Exercise requirements:
Please restate verbatim the lines that open the listing below, ending with the line in which "An actress playing" occurs.
==== Records provided
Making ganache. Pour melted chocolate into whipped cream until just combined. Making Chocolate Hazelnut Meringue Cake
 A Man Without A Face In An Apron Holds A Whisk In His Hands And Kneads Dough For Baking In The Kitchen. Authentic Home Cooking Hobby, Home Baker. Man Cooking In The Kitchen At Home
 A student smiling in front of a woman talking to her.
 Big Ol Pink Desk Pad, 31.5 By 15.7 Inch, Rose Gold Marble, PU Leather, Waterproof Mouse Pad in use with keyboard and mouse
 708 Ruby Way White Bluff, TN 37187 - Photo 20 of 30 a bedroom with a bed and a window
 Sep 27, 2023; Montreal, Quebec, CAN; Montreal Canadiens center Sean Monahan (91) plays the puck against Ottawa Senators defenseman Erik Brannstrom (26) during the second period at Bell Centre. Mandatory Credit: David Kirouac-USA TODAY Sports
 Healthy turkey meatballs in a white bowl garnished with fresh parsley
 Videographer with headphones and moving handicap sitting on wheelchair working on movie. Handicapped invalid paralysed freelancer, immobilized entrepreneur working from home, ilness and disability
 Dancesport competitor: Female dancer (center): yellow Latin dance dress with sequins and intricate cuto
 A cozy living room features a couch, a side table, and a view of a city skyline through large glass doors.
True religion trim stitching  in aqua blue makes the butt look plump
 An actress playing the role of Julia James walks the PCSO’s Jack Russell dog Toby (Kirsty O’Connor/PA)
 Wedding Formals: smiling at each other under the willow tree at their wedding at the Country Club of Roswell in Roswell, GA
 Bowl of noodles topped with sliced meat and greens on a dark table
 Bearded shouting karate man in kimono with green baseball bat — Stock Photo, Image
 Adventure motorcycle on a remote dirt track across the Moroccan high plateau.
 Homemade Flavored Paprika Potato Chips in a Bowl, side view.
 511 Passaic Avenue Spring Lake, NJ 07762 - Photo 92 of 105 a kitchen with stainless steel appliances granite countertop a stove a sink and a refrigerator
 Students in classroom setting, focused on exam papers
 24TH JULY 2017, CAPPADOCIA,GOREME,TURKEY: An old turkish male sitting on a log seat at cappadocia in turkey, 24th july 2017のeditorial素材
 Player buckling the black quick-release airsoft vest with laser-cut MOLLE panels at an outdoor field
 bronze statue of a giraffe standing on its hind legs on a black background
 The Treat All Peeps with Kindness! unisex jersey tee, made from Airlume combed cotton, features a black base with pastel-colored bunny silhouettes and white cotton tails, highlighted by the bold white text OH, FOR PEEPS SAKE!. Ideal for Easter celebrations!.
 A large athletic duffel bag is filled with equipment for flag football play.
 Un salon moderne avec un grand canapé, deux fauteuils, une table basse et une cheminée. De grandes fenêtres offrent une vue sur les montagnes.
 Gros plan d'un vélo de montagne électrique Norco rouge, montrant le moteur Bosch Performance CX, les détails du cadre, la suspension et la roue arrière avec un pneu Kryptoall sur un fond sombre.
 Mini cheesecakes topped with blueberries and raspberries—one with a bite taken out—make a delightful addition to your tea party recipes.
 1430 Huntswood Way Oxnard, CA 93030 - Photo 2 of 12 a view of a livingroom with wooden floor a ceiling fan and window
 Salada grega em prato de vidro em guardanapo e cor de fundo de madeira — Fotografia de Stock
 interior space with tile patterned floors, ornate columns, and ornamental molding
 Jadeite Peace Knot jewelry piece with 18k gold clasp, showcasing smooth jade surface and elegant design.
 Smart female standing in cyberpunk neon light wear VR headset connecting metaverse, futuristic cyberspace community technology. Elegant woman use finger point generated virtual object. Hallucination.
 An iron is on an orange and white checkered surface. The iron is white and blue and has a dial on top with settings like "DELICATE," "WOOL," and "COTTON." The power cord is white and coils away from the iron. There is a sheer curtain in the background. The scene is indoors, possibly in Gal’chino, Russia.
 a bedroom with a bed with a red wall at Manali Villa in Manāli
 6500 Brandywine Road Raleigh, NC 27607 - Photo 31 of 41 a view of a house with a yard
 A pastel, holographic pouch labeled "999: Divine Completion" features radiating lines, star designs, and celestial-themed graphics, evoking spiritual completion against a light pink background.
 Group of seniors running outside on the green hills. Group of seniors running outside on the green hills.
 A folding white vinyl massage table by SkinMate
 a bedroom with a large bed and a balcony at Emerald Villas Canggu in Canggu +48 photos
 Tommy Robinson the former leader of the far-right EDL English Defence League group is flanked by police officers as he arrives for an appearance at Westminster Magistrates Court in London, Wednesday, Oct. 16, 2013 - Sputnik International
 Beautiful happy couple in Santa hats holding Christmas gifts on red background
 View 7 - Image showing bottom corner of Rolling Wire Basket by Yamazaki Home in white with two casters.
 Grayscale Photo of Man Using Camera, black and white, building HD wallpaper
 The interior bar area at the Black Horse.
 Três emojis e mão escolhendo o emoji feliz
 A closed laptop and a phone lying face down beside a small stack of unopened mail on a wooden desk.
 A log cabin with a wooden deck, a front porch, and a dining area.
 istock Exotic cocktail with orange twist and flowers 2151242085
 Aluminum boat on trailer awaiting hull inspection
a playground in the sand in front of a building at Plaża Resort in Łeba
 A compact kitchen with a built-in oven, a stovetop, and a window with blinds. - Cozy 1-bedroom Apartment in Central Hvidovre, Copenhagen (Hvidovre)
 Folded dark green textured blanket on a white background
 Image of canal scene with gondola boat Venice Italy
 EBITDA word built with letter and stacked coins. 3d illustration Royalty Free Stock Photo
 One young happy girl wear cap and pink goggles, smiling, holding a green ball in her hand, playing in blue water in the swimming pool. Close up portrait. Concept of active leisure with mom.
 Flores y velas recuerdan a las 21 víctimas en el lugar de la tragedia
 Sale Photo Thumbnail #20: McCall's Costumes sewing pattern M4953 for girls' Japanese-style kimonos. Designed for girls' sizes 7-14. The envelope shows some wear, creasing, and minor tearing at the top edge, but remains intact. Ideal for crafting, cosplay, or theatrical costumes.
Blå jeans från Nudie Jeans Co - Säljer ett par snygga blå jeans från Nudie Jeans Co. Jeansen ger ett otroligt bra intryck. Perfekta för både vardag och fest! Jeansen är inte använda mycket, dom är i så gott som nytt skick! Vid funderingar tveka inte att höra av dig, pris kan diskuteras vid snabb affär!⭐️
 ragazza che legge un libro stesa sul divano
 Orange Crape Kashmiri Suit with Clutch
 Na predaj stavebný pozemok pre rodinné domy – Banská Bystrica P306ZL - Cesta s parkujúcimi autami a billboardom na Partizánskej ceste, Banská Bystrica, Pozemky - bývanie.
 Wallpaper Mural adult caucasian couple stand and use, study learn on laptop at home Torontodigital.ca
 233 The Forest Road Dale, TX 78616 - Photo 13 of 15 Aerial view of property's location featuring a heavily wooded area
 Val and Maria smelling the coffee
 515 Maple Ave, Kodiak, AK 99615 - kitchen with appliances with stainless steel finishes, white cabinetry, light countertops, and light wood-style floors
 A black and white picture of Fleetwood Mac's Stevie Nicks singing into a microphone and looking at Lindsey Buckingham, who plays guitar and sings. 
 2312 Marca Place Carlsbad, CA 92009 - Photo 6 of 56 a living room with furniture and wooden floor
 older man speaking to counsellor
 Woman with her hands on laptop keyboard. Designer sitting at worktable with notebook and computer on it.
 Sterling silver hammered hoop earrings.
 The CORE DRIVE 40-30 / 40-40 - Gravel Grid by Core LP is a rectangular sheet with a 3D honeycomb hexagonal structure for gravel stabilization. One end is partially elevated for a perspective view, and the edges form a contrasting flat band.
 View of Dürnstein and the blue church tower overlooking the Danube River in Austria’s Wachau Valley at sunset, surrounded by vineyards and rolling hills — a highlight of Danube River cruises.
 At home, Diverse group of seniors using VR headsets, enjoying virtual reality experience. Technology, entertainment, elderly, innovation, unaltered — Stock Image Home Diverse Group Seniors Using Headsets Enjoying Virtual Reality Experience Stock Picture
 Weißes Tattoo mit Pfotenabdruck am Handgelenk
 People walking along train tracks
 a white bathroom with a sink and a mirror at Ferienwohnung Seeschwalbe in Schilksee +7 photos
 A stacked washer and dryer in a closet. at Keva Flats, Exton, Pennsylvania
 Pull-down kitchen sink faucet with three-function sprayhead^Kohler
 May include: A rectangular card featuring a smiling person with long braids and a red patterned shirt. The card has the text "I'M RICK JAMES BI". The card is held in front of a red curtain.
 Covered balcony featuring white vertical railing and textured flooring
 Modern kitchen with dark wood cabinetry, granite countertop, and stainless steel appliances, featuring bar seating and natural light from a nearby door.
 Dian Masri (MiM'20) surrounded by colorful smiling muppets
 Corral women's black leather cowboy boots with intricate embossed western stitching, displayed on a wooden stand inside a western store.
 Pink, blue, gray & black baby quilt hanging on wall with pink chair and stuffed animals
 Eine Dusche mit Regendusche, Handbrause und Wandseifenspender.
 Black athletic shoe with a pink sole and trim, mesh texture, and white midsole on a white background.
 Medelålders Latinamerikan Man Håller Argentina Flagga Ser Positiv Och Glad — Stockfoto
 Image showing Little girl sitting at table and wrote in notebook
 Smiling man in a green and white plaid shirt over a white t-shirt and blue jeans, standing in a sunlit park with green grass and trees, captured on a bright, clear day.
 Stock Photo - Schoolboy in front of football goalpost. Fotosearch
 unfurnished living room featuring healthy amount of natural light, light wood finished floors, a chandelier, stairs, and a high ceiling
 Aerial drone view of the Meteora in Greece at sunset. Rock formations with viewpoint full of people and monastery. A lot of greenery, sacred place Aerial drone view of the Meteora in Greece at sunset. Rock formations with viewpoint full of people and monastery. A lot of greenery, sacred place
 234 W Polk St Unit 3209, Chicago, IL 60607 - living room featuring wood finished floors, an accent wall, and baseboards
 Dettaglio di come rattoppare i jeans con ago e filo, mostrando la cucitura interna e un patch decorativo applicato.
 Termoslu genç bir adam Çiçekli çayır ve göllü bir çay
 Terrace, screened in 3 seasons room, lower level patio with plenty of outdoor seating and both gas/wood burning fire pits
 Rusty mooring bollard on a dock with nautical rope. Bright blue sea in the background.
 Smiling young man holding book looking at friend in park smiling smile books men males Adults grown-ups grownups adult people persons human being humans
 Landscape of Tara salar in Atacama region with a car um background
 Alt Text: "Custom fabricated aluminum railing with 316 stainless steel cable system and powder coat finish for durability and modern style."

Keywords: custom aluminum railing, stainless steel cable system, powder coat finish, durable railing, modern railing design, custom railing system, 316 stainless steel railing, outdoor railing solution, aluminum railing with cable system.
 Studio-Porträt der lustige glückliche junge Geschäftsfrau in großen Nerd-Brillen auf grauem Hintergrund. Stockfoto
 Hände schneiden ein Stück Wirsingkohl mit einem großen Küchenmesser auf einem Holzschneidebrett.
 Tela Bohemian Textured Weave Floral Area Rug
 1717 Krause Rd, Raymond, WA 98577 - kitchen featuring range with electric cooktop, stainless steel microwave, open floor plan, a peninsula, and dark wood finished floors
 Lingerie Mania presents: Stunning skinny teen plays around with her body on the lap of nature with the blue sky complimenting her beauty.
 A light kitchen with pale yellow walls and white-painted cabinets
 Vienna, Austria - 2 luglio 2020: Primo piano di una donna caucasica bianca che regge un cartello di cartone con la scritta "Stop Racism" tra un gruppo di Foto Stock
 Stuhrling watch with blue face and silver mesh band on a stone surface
========
Solution to the exercise:
Making ganache. Pour melted chocolate into whipped cream until just combined. Making Chocolate Hazelnut Meringue Cake
 A Man Without A Face In An Apron Holds A Whisk In His Hands And Kneads Dough For Baking In The Kitchen. Authentic Home Cooking Hobby, Home Baker. Man Cooking In The Kitchen At Home
 A student smiling in front of a woman talking to her.
 Big Ol Pink Desk Pad, 31.5 By 15.7 Inch, Rose Gold Marble, PU Leather, Waterproof Mouse Pad in use with keyboard and mouse
 708 Ruby Way White Bluff, TN 37187 - Photo 20 of 30 a bedroom with a bed and a window
 Sep 27, 2023; Montreal, Quebec, CAN; Montreal Canadiens center Sean Monahan (91) plays the puck against Ottawa Senators defenseman Erik Brannstrom (26) during the second period at Bell Centre. Mandatory Credit: David Kirouac-USA TODAY Sports
 Healthy turkey meatballs in a white bowl garnished with fresh parsley
 Videographer with headphones and moving handicap sitting on wheelchair working on movie. Handicapped invalid paralysed freelancer, immobilized entrepreneur working from home, ilness and disability
 Dancesport competitor: Female dancer (center): yellow Latin dance dress with sequins and intricate cuto
 A cozy living room features a couch, a side table, and a view of a city skyline through large glass doors.
True religion trim stitching  in aqua blue makes the butt look plump
 An actress playing the role of Julia James walks the PCSO’s Jack Russell dog Toby (Kirsty O’Connor/PA)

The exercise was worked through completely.